Are we on the verge of -- or already in the middle of? -- a war between nation states and global organizations? Do we have the makings of a conflict between the dirt world and the digital world?
Electronic communications and strong global trade networks are creating a global production/consumption system where nation states seem to be accidents of history. On the other hand, nation states are the ones with guns and taxes; national leaders and their constituents live in a particular place and are still tied together by physical proximity.
A wonderful book recommended by Marc Smith bears on this topic: The Sources of Social Power, Volume 1, A history of power from the beginning to A.D. 1760 by Michael Mann. The Mann outlines a theory of social power, and then tests it through a masterful analysis of innumerable historical examples. For him, societies can be explained by the interactions among four power sources: ideological, economic, military and political relationships. The relative influence of these power sources varies. Cultures of conquest like the Assyrians and Incas were based on military power. The ideological power of the Catholic Church was key during the Middle Ages. Political power became more visible during the rise of the European monarchies, and was joined by economic power in the run-up to the Industrial Revolution.
Mann's other key claim is that "a society" as a well-defined unit of analysis is a fiction.
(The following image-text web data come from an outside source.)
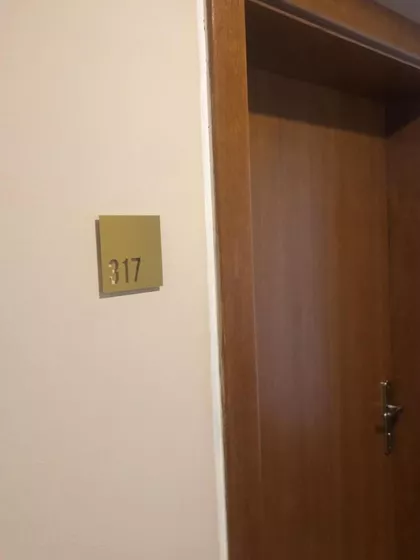 Miloša Obilića | 4zida.rs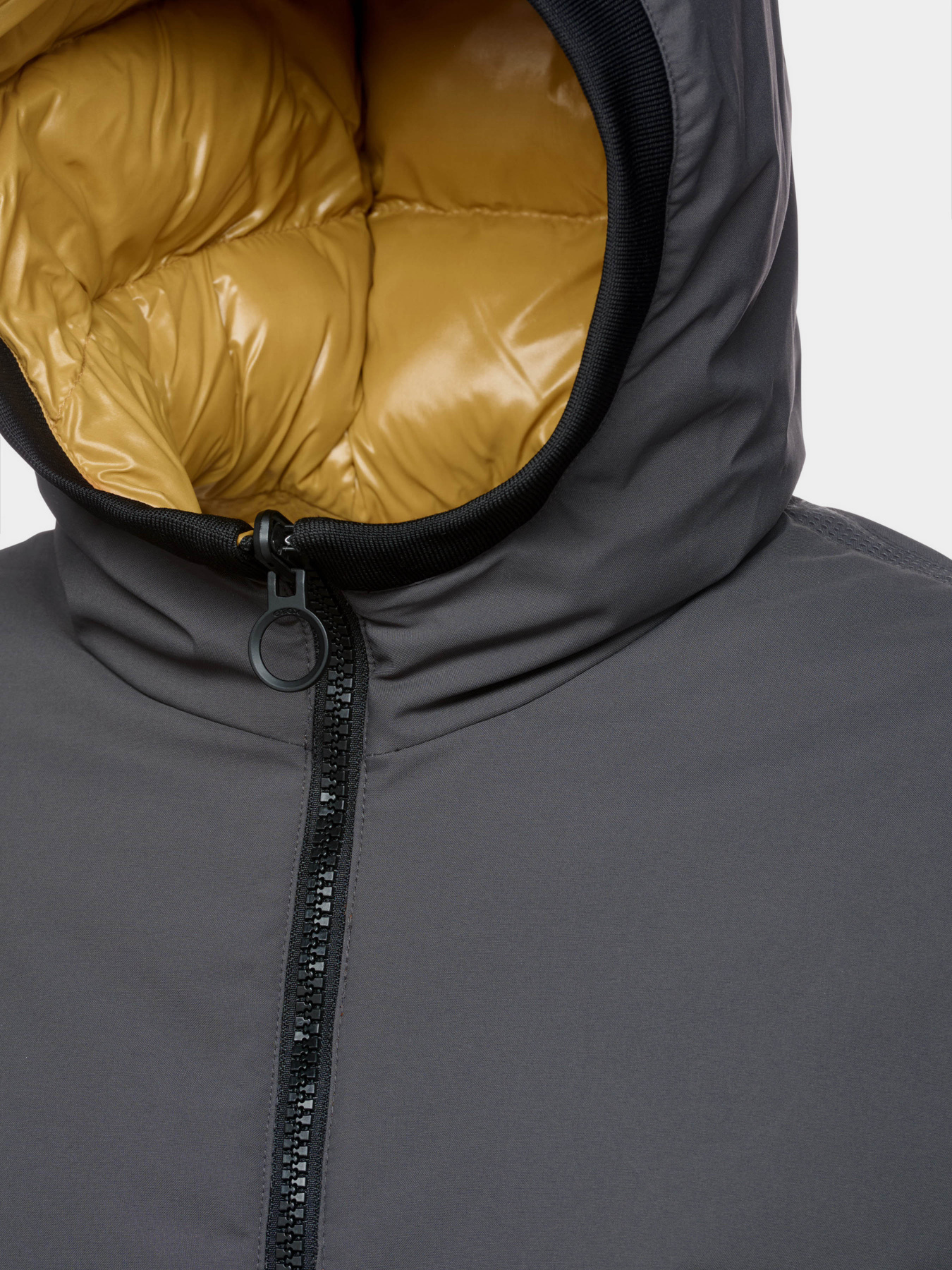 Зимняя куртка Geox Spherica модель M4629D-TC189-F1790 Фото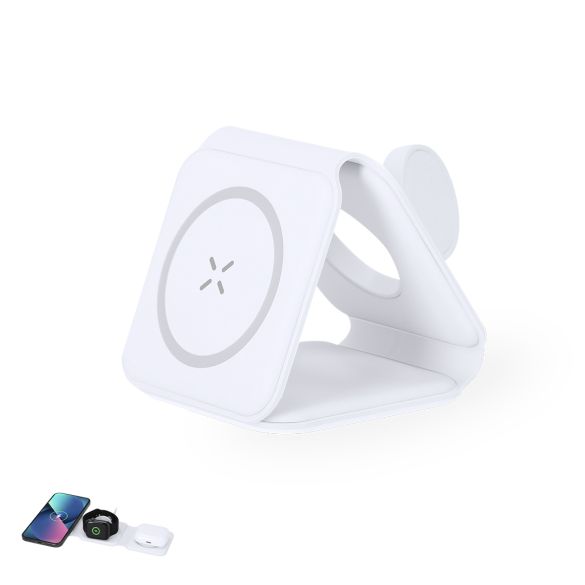 Chargeur Tardim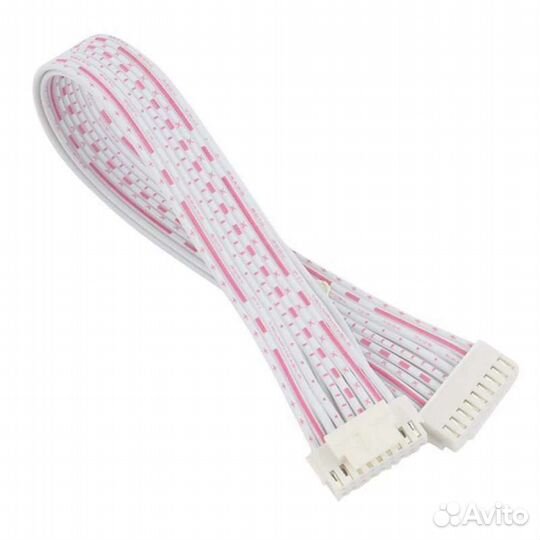 Новые шлейфы на s9, L3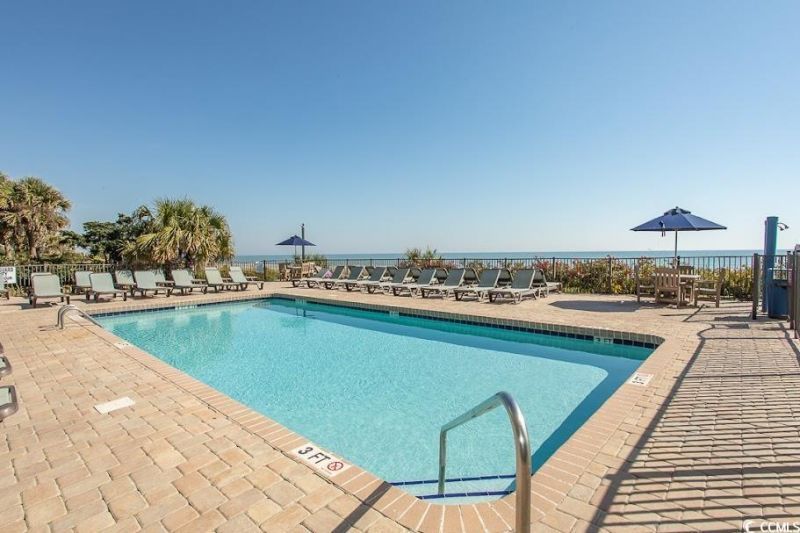 2001 S Ocean Blvd. Photo 32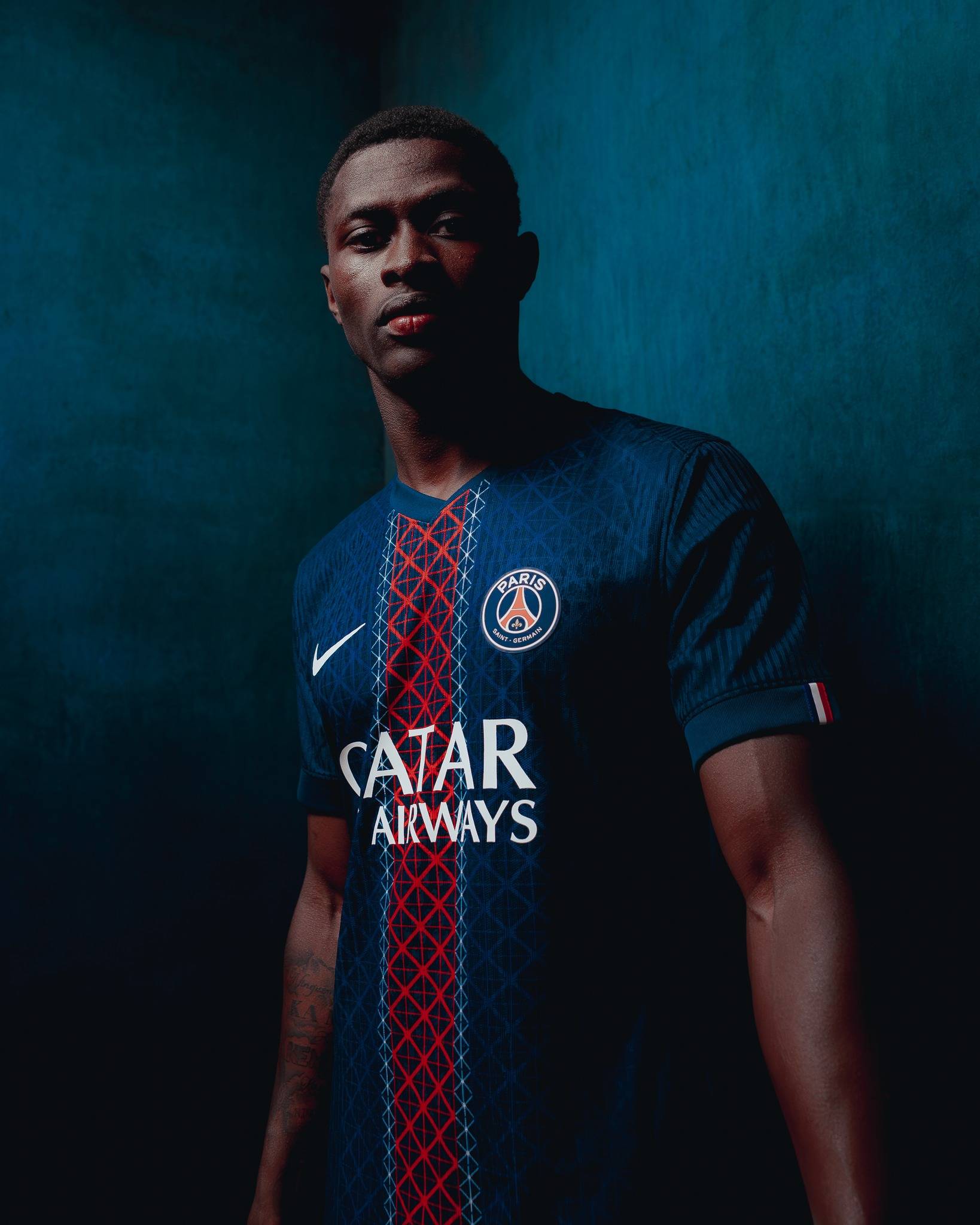 官方是否需要给出解释（官方有必要作出说明吗）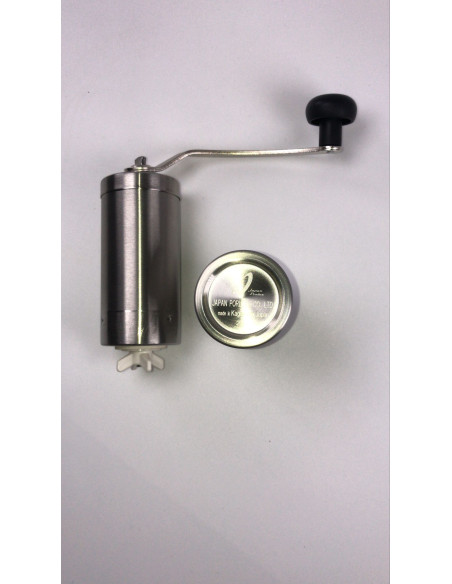 BAZAR - Porlex Tall II mlinac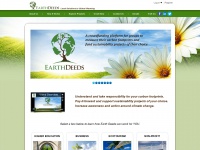 Earthdeeds.org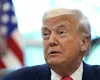 Donald Trump a avut o DISCUȚIE MINUNATĂ cu „respectatul președinte al Belarusului”, Aleksandr Lukașenko / Ce au vorbit cei doi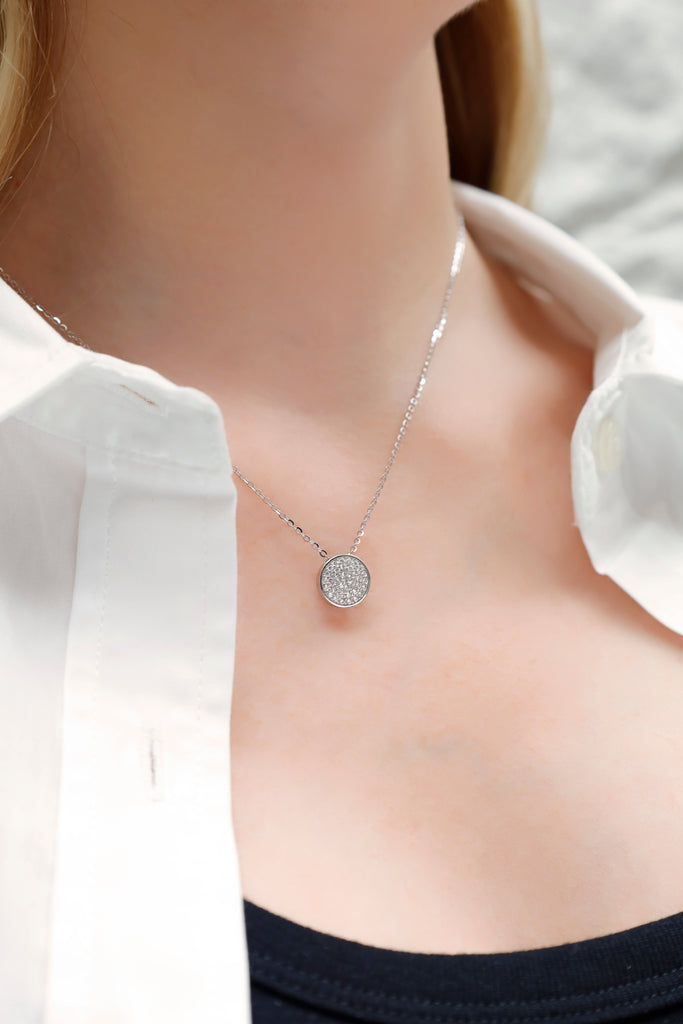 Discover the Sparkle: Why Jacys Mifv Jewelry Stands Out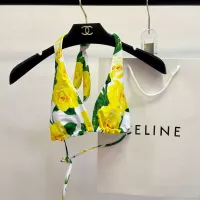 $38.00 USD Dolce & Gabbana Bathing Suits For Women #1352833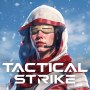 Tactical Strike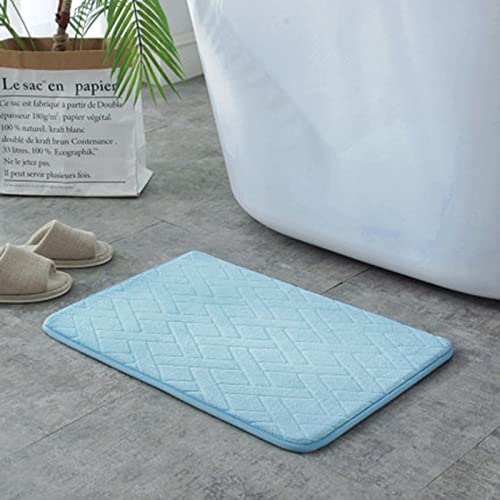 SUXUMHAO OWA[oX[O}bgAGNXg\tgŋz̍}CNt@Co[oXOAmXbvvbVVM[oXJ[ybgA@AoX[tApoX}bgA_Ch - XJCu[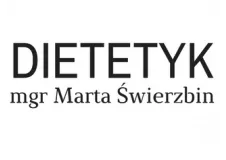 Marta  Świerzbin Warszawa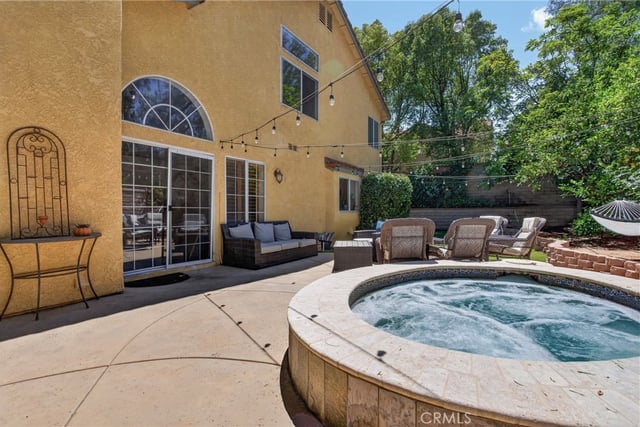 27827 Zion Court, Castaic, CA 91384 — photo 42 of 56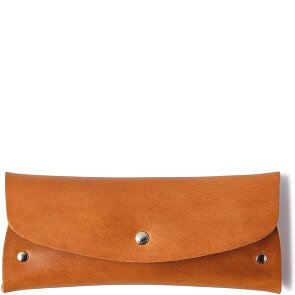 Castelijn & Beerens Gaucho Stiftetui Leder 18,5 cm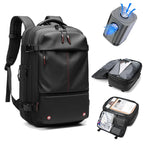 Laptop Backpack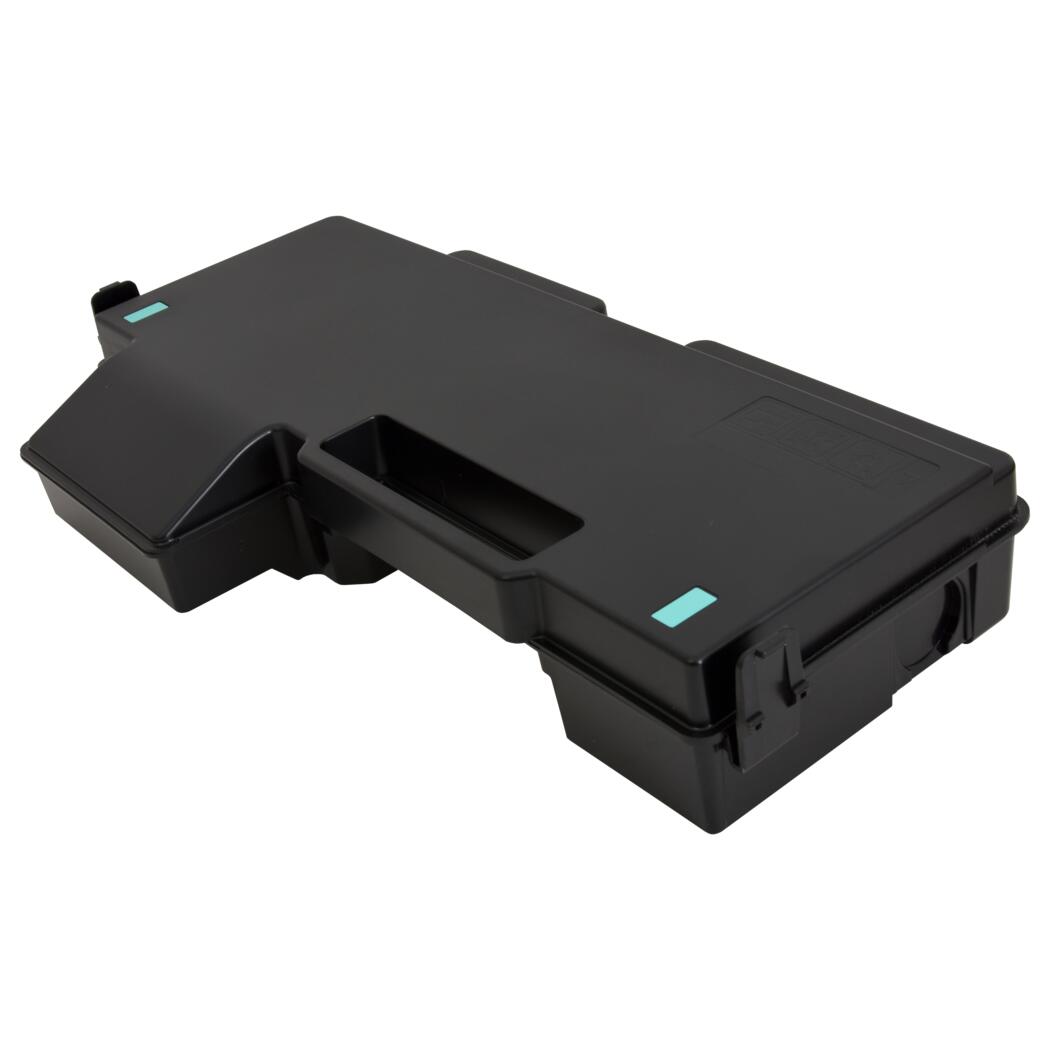 Details for Samsung MultiXpress K7500GX Waste Toner Collector (Genuine)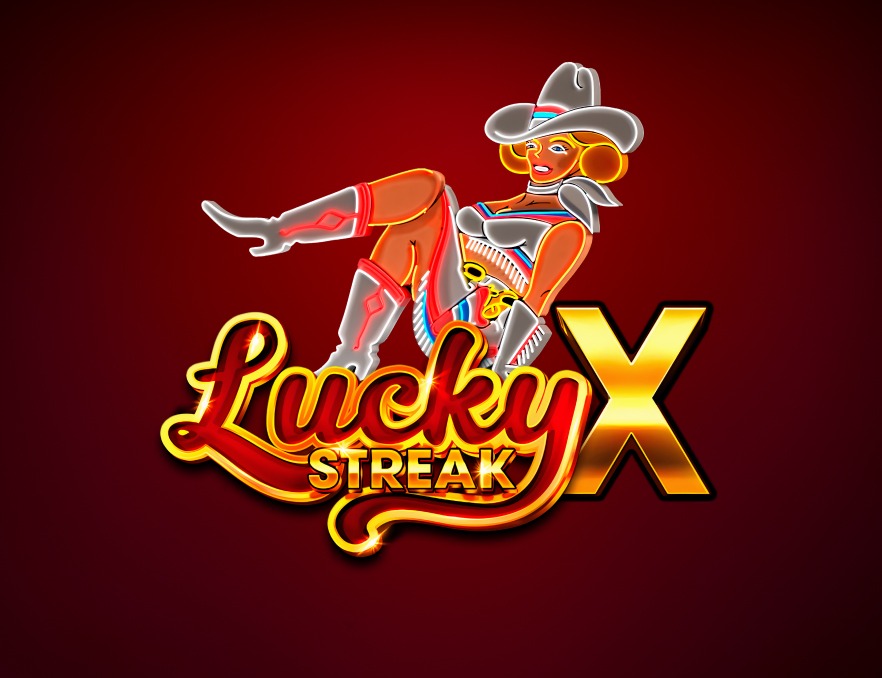Lucky Streak X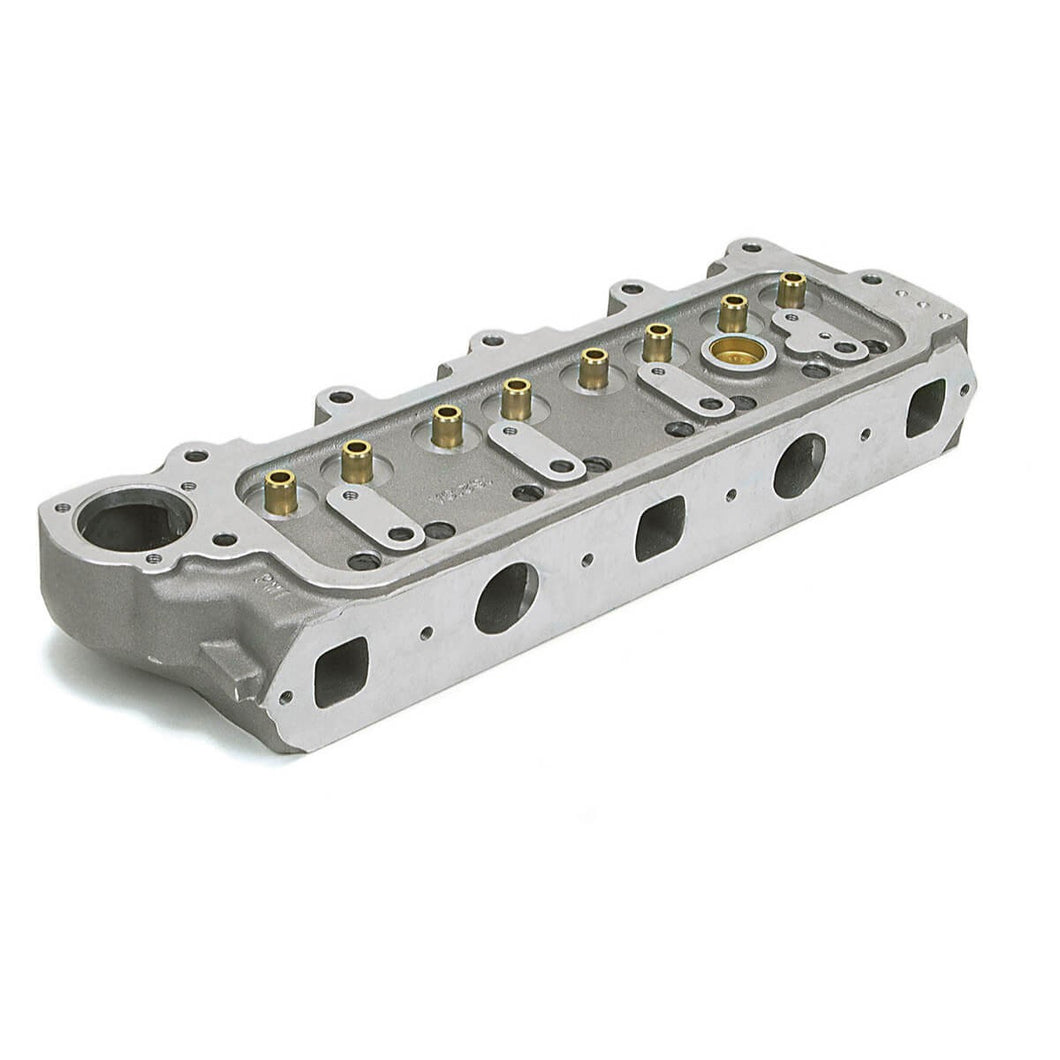 midget-tkc2748 Cylinder head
Societies are shot through with power networks that have wildly different physical scales; in the Middle Ages, for example, political power was limited to the feudal manor and its immediate environs, while the ideological power of the Church reached in a uniform way across Western Europe. The constituent parts of notionally distinct "societies" thus overlap and intersect with each other in complex ways.
Mann's thinking applied to current conditions suggests that globalization and territoriality are not at odds. They are, in fact, power sources operating at different scales. Nation states have political and military power which is based on physical contiguity. Globalization is, so far, an economic phenomenon. (Ideology doesn't play much of a role - yet.) This is not unlike the situation Mann describes in the Middle East around 900 - 400 BC. A number of quite distinct power centers around the Mediterranean, from Egypt to Persia, were stitched together by Phoenician and Greek trade.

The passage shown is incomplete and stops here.